Yummy pancakes, one with peanut butter....he takes after his momma :) The other one I sneaked some butter on cause lets face it the kid doesn't get enough fat in his diet! Then the glorious bacon.....mmmmmmmmm I wish my mom had made this for me when I was a kid, but I was lucky to get a cold bowl of cereal :)

So we did our morning routine and the boys got all dressed and ready for school. When it was time to go out and wait for the bus however, Cole melted down. Yes this is that autism poking it's head into my perfect morning....but that is ok, because I was prepared. After some cuddling from me and hearing the school bus approach he was ready to go. He got on the bus like a big boy with the help of his brother. I then headed up to school with my parents to wait for their arrival. Routine is very big for autistic kids and they don't like to deviate or else I would have just taken them on their first day.
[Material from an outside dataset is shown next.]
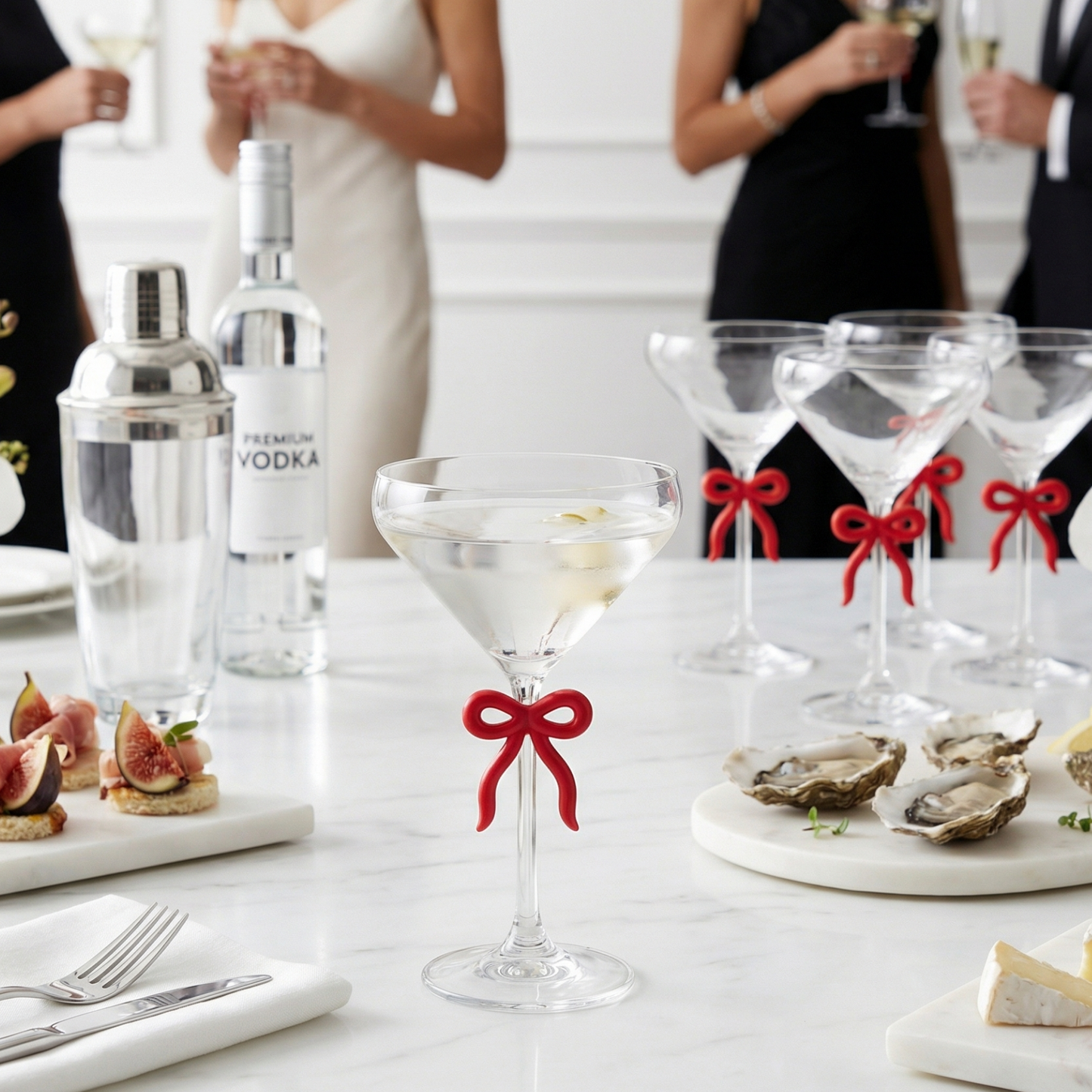 Elegant Clear Martini Glass With Red Bow Set of 2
Cole got off the bus like a champ.....Adam however had both book bags and both lunch boxes and Cole's hand trying to direct him to his kindergarten line while the principal helped. Yes that is right, the Principal at our school is outside EVERY morning to great the kids and help the "special" ones and lets face they are ALL special to the right spot. I love that man! We waited with Cole while both his teachers made their way down the line introducing themselves.....we tried to get a picture but Cole wasn't all that cooperative....
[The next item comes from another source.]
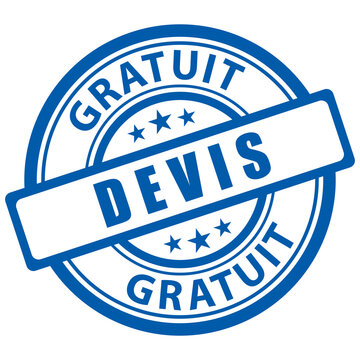 Tampon bleu devis gratuit. Ic&ocirc;ne vectoriel.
He looks so sad....they then headed in and the Principal took his hand helping him and said mom, we will see you in the library for coffee....and that was that. My child was on his own so to speak and I was heart broken. I am familiar around the school since Adam is in 3rd grade.....and some of the mom's were very supportive as well as the teachers it was very comforting....

This is my 3rd grader....
So after all my stress about how Cole would do, he has had an awesome week! He is my big boy and I am so proud of him....Adam is doing great and loves his teacher who is in the picture above with him. I have high hopes for both of them this year and know that with the support of this amazing school they both can become great students!